3. Defendants want to, but cannot, have it both ways.
This friend tagged my name in his post because he wanted my input on what the correct version is (#1 or #3, if you’re curious), but my response got lost among the sixty-plus others that he received within the next five minutes. People were throwing out terms like “comma splice” (inapplicable) and vague guidelines like “Always put a comma before and, yet, or, nor, for and yet” (which lacks one of the very commas for which this particular contributor was so stridently advocating). Whatever rules of grammar had been implanted in these punctuation enthusiasts’ mental coffers since grade school came tumbling out in a competitive deluge of wordsmithery, and I thought my head was going to explode, so I had to log out.
People ask me all the time if I notice grammatical errors constantly. Well, yes, in the same way that a dentist probably can’t help but check out everyone’s teeth or a hair colorist can spot an especially bad dye job from across a room. But just like that dentist doesn’t want to think about who has veneers and who needs a new crown when he’s at a dinner party, and just like that colorist wants to spend her days off not thinking about anyone’s dark roots, I choose not to live in a bad-grammar prison all the time. I just want to get in bed at night and read The Goldfinch in peace like everyone else did, and I couldn’t do that if I let myself fixate on how sloppily copyedited it is. (It really is, by the way.)
But this Facebook episode stayed on my mind long after that thread disappeared to wherever old posts go to die, because it reminded me of something I’ve been ruminating on for a while, which is that social media outlets are a whole new arena for showcasing people’s grammar and language abilities.

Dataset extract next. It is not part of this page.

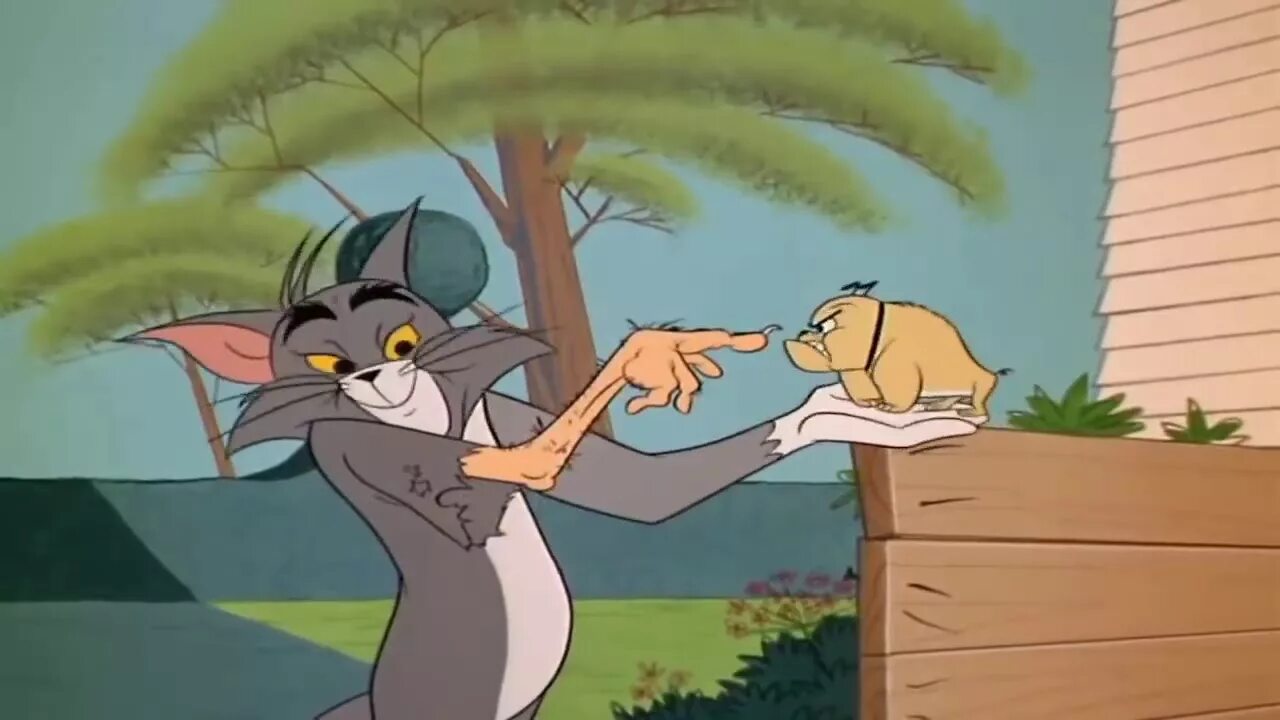 Сели том. Tom and Jerry 1963. Том и Джерри 1963-1967 том. Том из том и Джерри 1963. Том и Джерри Чак Джонс 1963-1967.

And the more time I spend on these sites, the more I notice the same handful of errors popping up again and again in people’s Facebook posts, tweets, Instagram captions, and even hashtags. As much as I usually like to turn off that part of my brain, I’ve developed a masochistic fascination with this particular breed of grammar gaffe—and now I’d like to share five prime examples with you, my lucky followers:
- “Your” vs. “you’re.” Maybe I’m just naive, but I thought this error was relegated to the ’80s and ’90s, along with, like, Reebok high-tops and Roxette. But no—there it was yesterday in a clothing company’s Instagram post: “If your in the LA area, come on by!” There it was today on Facebook: “Hope your having a great birthday!” I feel the same way about this mistake as I do about stretch limos in modern times—it makes me think, Is this really still happening?
- “Awe” vs. “aw.” Most people on photo-heavy social media sites are guilty of trying to out-cute each other once in a while with pictures of their kids, their puppies, themselves. Naturally, e-gushing follows. This is all fine—until someone drops an “awe” bomb and makes me want to send the dictionary police after her. “Awe” is a noun. It means “an emotion variously combining dread, veneration, and wonder.” It does not mean, “Your baby is sooooo adorable!” That’s the exclusive purview of “aw,” which is an interjection. So please, no “e.” That “e” is for “extra letter that doesn’t belong here.”
- “Happy New Year from the Clancy’s/the Jones’s.” I am fortunate in more ways than one to have grown up next door to a family whose last name ends in “s,” but I like to think that even if I hadn’t, I would still have learned somewhere along the way that the plural form of “Brooks” is “Brookses” (not “the Brooks,” not “the Brook’s”) and that the plural possessive form takes an apostrophe after the final “s” (“my house was next door to the Brookses’ house”). This rule also applies to any last name that ends in “z” or “x.” If you get confused, just think of the phrase “keeping up with the Joneses,” which you will not be doing as long as you keeping sticking unnecessary apostrophes in your name on your holiday cards.
- “Defiantly” vs. “definitely.” This one keeps coming up, and I deeply want to believe that it’s just an auto-correct issue, but I don’t think it is. For all its quirks, a smartphone is smart enough not to make this mistake—and when I see comments on Instagram like “I’ll defiantly be there tonight!” and “Defiantly call me later” . . . well, the context says it all, doesn’t it?
- “I miss my old stomp and ground.” Okay, fine, this isn’t a common error, but when I saw that someone had posted this in response to an Instagram photo of her hometown—aka her “stomping grounds”—I had to say a little prayer for her.
Grammar is a dangerous game, after all. Right now, I’m already worried about whether this whole post seems too snotty—and right now, you’re probably feeling tempted to ask (if I may adapt a line from the cinematic masterpiece Say Anything), “If you know so much about grammar, how come you’re there at, like, your apartment on a Saturday night, completely alone, with no friends anywhere?”
To that, I say, “By choice, man.” And now I’m off to spoon with The Chicago Manual of Style.